The most crucial factor why Dunkirk stands tall above most of his other films, in my opinion, is that the film isn't filled with convoluted, overwritten exposition fests I've come to expect from Nolan; its length is truly spot on, and the final result is an unexpectedly stellar piece of war cinema. It's all about the visual storytelling and the pure language of film, and it feels like Nolan is paying tribute to the earliest era of film history, with the almost silent but harrowing and very unconventional war epic. Its minimalistic approach is refreshing and when Nolan ditches the too ambitious, overlong and messy scripts, it's visible he can be a damn great filmmaker.

The suspense, sheer terror, dread and claustrophobia are insanely palpable. It's almost a survival horror film in a way, where every bullet and explosion is a sensory attack which contributes to the continuously escalating tension. The Germans, here simply referred to as "the enemy", are ingeniously presented as this abstract, invisible, lurking existential oppressor which holds the whole situation in its mercy. Even though the film hasn't got a central character or insanely deep characterization you'd expect (the big criticism that most people have at the moment), that isn't the point here, because Nolan focuses on the entire collective and its attempt to survive amidst the most desolate and hopeless situation possible. The urgency of the whole thing doesn't need to have every character to be a larger than life figure; instead it focuses on the entire collective of ill-fated souls desperately trying to overcome the impossible.

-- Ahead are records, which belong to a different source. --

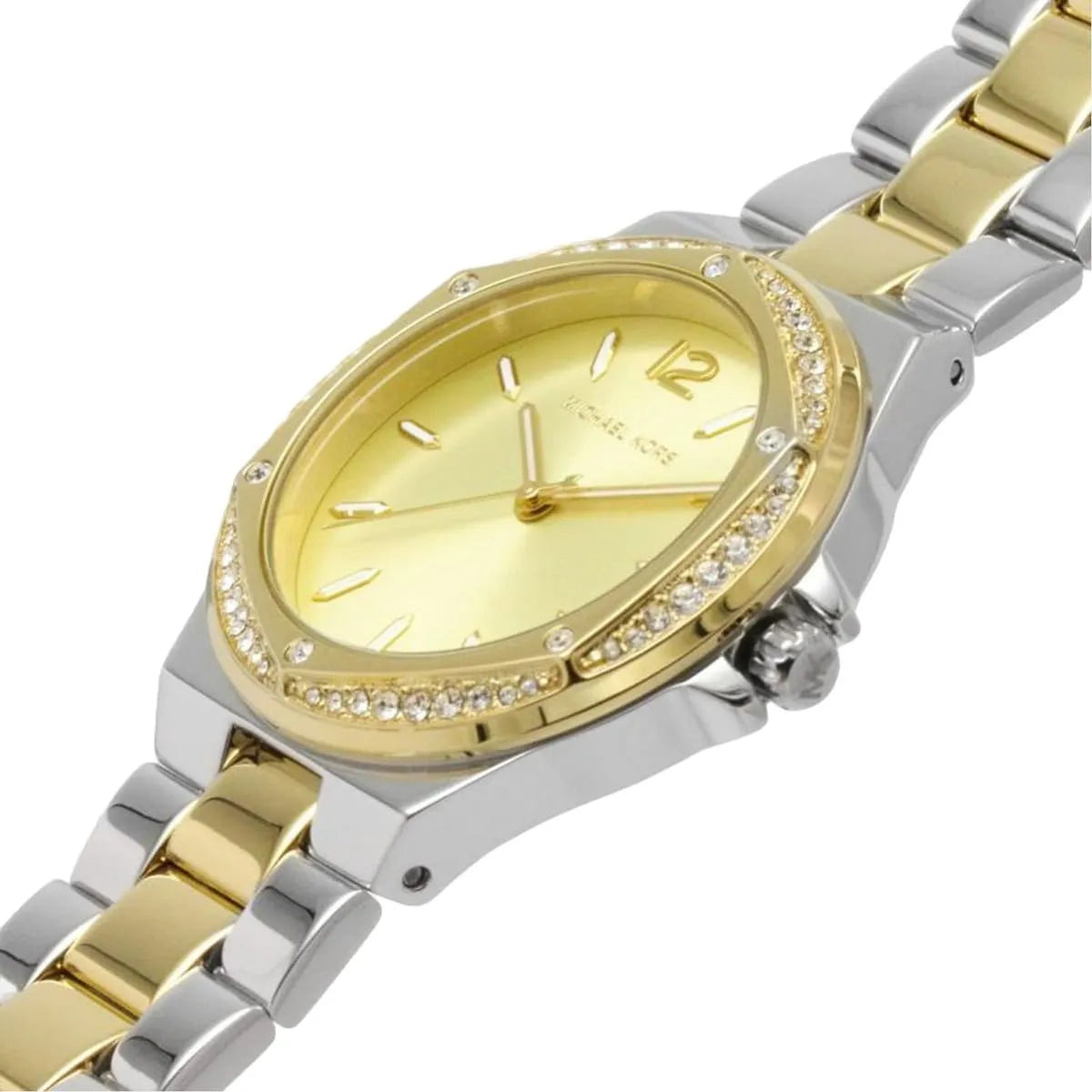 Michael Kors Lennox Three-Hand Gold Dial Two Tone Steel Strap Watch For Women - MK6988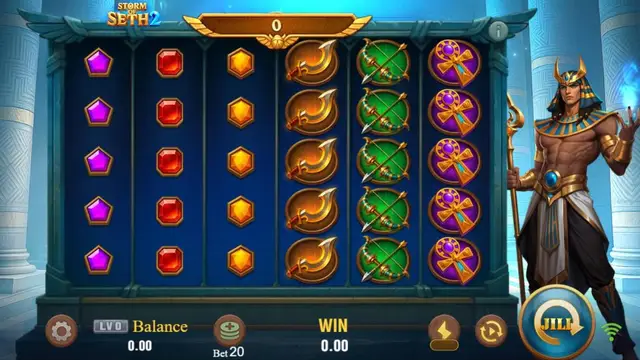Skrin permainan Storm of Seth 2 di JILI BolehSpin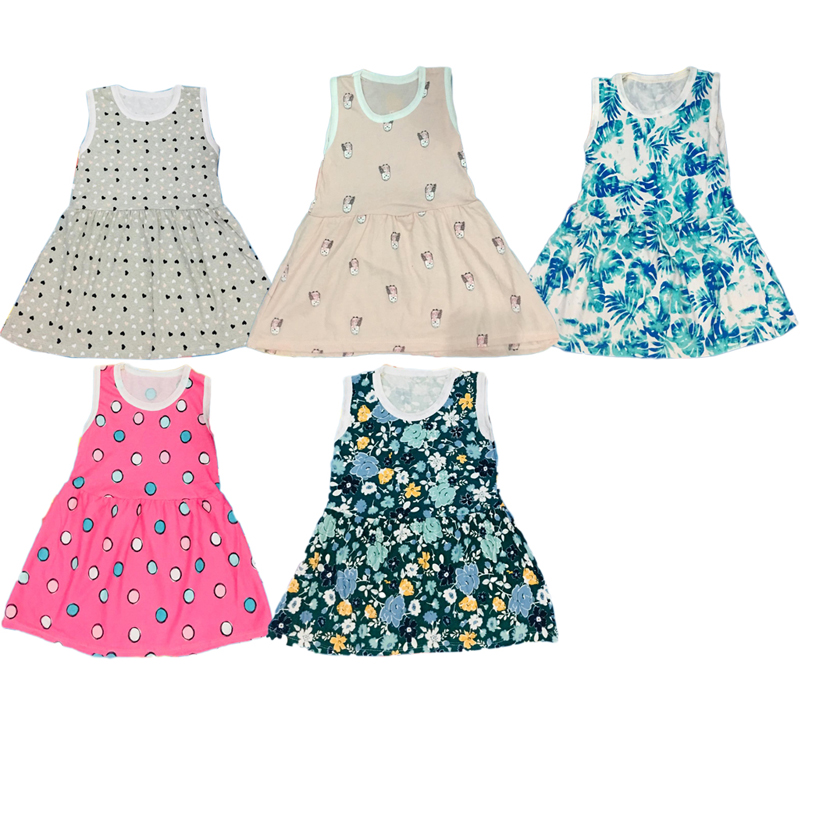 Combo 2-3-5 váy ba lỗ bé gái từ 1-5 tuổi chất cotton thoáng mát mùa hè -Giao mầu ngẫu nhiên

It is highly emotional at times even though it hasn't that much focus on individual characters, because essentially the film celebrates how the human spirit can be triumphant in the darkest of times, and doesn't present a clichéd scenario of how a group of idealized patriotic soldiers single-handedly saved the day. The characters in Dunkirk are scared, desperate and hopeless, willing to throw their humanity and compassion away in the face of impending catastrophe and annihilation.

The multi-perspectived, non-linear narrative approach is Nolan at his most experimental, and it is an interesting narrative concept which rivets most of the time, but there lies my only major flaw - even though it's really impressive it can be unfocused at times, and even though Nolan is confident in almost every other aspect of the craft here, in that area it's obvious that he's experimenting and hasn't fully mastered it. The suspense is further built by supreme sound design mixing with Zimmer's pulse-pounding score, which is fairly minimalistic in tradition with the rest of the film but very effective, and it's still ringing in my ears after a day. The splendid cinematography also adds to the factor of immersion, and creates an experience which is truly meant to be seen at the biggest possible screen. I'm really curious to see will it hold up as much on a smaller screen rewatch.

This isn't just a soulless spectacle or a mere display of technical prowess; but a legitimately great and full-blooded war film which haunts, shocks and terrorizes, but leaves with the feeling of hope and inspiration. It's a marvelous story which deserved to be told, and I'm glad Nolan delivered it in a truly monumental way, with his most assured, tight and experimental direction so far. Not the actual "best war film ever made" as some proclaim, but surely a damn excellent one.